Ames inconnues : $b Notes intimes d'un séminariste
AMES INCONNUES
NOTES INTIMES D’UN SÉMINARISTE[1]
[1] Sources : Auguste Merlet, Société Angevine d’édition, 2, rue Saint-Aubin, Angers.
I
Entrée au grand séminaire ; premières impressions. — Douceur et austérité de la règle. — Travail et piété. — Expulsion de décembre 1906 et fermeture du séminaire.
Auguste Merlet, né le 25 octobre 1887, à Jallais, dans la Vendée angevine, perdit sa mère de bonne heure ; mais il se la rappelait assez pour parler d’elle en termes attendris, et il avait une sœur qu’il aimait tendrement.
Très jeune il pensa au sacerdoce, et cet idéal, toujours présent à ses yeux, lui inspira les désirs supérieurs qui devaient le conduire au grand séminaire d’Angers.
Nous traversons une époque où, par suite de certaines ambiances, il est de mode, presque de bon ton, de dogmatiser sur des questions délicates avec une connaissance insuffisante des entours…
Si les étrangers écoutaient la société française dénigrer parfois elle-même ses meilleurs éléments, ils pourraient croire que les bons ferments du pays ont sombré dans l’apathie, ou perdu, dans la tourmente des idées, les principes qui développent les qualités élevées d’une race.
Auguste Merlet, qui écrivait ses notes intimes sans se douter qu’elles seraient un jour livrées au public, montrera que les ferments sont toujours les mêmes, les principes toujours appliqués et toujours efficaces.
Il serait superflu de décrire sa nature et la trempe de son esprit, car, dans ses lettres et son journal, il révélera partout sa maturité de jugement, sa droiture, son cœur aimant, expansif et confiant. Il se peint lui-même en quelques lignes quand il écrit :
« Je suis un sensitif et j’aime les sensitifs ; je détesterais ceux qui n’ont pas de cœur si moi-même je n’avais pas un cœur assez grand pour aimer tout le monde… Je ne suis jamais si courageux que lorsque j’ai reçu une marque d’affection. »
Et ailleurs :
« Je suis un peu sentimental et j’ai remarqué bien souvent que la vie du cœur vivifie tout mon être. »
Son esprit était positif et chercheur, exigeant, et désireux de tout approfondir ; mais son cœur restera délicat et tendre sans cesser d’être fort, sans jamais descendre à la sensiblerie.

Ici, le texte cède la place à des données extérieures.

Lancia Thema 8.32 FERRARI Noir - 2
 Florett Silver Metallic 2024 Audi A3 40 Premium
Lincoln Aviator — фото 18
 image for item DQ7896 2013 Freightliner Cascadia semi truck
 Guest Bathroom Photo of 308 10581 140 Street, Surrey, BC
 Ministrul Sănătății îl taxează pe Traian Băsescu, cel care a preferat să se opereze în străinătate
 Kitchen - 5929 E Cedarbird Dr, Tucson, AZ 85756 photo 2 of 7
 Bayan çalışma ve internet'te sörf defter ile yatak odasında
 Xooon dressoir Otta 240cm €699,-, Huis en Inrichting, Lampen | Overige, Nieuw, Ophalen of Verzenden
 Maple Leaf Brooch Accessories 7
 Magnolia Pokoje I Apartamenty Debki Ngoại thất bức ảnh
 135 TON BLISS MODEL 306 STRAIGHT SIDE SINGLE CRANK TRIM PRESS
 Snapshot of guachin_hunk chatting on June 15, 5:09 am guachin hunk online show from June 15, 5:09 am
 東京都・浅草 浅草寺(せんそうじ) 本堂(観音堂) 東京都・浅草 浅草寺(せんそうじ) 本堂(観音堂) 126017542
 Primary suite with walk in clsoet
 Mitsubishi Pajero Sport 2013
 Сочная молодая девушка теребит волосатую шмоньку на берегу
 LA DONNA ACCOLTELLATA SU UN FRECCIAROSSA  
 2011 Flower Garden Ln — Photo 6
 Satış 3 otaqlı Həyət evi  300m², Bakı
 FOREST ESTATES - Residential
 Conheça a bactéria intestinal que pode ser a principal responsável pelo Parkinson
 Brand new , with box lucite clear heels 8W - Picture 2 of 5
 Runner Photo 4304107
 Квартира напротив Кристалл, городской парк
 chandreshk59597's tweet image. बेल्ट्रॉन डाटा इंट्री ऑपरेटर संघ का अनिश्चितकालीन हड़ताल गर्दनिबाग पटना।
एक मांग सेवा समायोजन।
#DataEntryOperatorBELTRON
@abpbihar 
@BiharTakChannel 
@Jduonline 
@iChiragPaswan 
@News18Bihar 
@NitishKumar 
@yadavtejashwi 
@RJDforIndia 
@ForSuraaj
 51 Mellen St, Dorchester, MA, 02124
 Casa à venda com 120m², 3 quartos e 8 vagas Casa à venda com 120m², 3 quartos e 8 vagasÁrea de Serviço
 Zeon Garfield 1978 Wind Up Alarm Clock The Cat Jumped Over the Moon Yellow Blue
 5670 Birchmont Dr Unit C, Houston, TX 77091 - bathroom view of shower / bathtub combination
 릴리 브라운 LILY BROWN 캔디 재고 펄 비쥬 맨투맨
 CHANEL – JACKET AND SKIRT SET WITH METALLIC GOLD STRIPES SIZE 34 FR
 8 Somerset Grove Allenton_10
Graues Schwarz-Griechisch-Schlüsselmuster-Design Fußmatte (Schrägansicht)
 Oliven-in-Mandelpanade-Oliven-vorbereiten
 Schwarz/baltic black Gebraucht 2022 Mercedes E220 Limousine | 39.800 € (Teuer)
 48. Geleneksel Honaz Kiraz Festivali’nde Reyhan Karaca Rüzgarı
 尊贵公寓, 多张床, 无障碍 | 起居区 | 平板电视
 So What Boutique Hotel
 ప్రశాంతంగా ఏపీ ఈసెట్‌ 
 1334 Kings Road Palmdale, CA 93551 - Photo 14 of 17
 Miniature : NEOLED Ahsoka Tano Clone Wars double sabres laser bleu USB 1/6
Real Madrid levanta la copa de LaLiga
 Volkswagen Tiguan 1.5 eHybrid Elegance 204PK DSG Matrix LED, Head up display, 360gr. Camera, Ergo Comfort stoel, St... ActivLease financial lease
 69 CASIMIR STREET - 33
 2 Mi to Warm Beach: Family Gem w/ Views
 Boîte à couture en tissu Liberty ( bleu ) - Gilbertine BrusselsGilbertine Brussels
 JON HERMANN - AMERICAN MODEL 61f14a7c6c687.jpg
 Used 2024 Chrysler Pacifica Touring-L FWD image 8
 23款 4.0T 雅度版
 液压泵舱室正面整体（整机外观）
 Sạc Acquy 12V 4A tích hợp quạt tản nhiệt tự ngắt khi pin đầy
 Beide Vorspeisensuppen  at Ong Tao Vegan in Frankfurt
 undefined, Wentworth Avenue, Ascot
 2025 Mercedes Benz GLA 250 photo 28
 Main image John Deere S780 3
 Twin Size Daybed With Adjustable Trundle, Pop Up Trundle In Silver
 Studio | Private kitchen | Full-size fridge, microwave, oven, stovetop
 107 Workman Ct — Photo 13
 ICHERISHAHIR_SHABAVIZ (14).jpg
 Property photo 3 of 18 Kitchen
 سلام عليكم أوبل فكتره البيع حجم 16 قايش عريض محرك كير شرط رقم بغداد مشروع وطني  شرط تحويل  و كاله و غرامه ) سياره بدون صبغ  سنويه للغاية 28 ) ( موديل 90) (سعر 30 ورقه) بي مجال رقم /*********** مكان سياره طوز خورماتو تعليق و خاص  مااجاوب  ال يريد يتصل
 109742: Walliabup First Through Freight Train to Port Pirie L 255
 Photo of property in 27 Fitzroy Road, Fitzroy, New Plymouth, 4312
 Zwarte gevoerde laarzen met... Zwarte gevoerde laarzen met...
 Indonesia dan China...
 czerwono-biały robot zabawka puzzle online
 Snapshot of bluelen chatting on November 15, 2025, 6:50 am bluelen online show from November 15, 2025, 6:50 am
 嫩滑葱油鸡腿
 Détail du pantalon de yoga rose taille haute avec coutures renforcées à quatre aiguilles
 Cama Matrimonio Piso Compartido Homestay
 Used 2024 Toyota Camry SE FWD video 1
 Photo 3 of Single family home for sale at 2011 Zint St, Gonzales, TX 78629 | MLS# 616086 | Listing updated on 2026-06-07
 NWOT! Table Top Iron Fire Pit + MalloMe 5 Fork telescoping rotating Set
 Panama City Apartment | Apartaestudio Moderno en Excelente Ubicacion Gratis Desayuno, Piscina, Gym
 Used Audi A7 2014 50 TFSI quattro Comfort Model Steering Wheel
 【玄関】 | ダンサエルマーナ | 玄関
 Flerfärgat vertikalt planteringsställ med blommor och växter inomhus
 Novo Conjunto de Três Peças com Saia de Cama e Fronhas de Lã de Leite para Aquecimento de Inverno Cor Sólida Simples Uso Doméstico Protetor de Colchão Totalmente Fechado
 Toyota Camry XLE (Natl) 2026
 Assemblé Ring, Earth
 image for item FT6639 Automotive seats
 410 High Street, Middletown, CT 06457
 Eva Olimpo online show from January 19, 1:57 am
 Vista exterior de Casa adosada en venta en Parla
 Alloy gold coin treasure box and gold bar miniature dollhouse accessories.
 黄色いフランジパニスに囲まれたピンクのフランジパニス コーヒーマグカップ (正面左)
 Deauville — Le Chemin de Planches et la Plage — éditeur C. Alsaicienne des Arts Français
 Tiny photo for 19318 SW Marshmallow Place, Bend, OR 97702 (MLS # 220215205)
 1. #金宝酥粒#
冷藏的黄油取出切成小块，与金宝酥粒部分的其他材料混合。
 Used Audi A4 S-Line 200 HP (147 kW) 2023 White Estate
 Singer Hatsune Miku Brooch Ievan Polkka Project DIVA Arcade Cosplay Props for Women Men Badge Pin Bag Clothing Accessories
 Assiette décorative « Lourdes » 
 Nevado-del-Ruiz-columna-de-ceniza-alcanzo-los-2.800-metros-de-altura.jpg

« Les convictions, écrit-il, sont en moi le fruit de tout un travail personnel, de recherches actives, d’une résistance victorieuse aux objections. Toutes les questions qui se posent dans mon esprit, je les accepte, je leur cherche une solution, une réponse, celle que je crois la meilleure et la plus raisonnable. En cela, je suis fort sincère et très franc. Je crois que pour être un homme, il faut savoir juger, raisonner ses convictions.
« L’ardeur que je mets à cela, moi, n’est pas nécessaire à tous : c’est une question de tempérament. Il ne faut point prétendre égaliser tout dans la vie et juger du devoir des autres selon son propre besoin. »
Sous une règle austère, il devait avoir à lutter contre un caractère indépendant, une exubérance excessive, et aussi contre une impressionnabilité qui provoquait chez lui des crises passagères d’abattement et de découragement.
Il entra au grand séminaire en octobre 1905 et, quelque temps après, définissait ainsi ses impressions :
« Dieu me conduisit au séminaire et ce fut comme si un grand voile de ténèbres s’était dissipé tout à coup. Je me mis à goûter Dieu, je commençai à marcher vers Lui consciemment, je m’efforçai de l’aimer…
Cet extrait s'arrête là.